The input |
╔══

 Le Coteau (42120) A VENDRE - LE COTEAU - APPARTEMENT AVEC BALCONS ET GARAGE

╚══
╔══

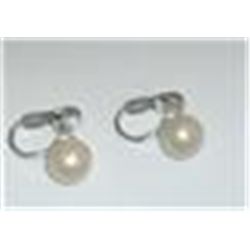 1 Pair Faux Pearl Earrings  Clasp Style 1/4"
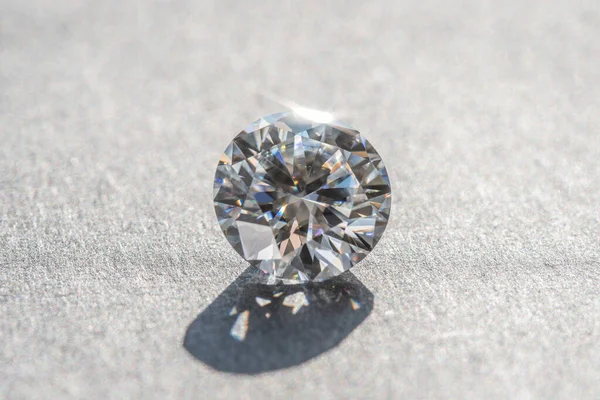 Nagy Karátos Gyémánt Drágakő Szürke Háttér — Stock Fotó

╚══

What to do |
Up in the listing, locate the line with "1 Pair Faux"; print it and every line after it down to the line with "Nagy Karátos Gyémánt", which is included too. Skip the pictures.

Task result |
 1 Pair Faux Pearl Earrings  Clasp Style 1/4"
 Nagy Karátos Gyémánt Drágakő Szürke Háttér — Stock Fotó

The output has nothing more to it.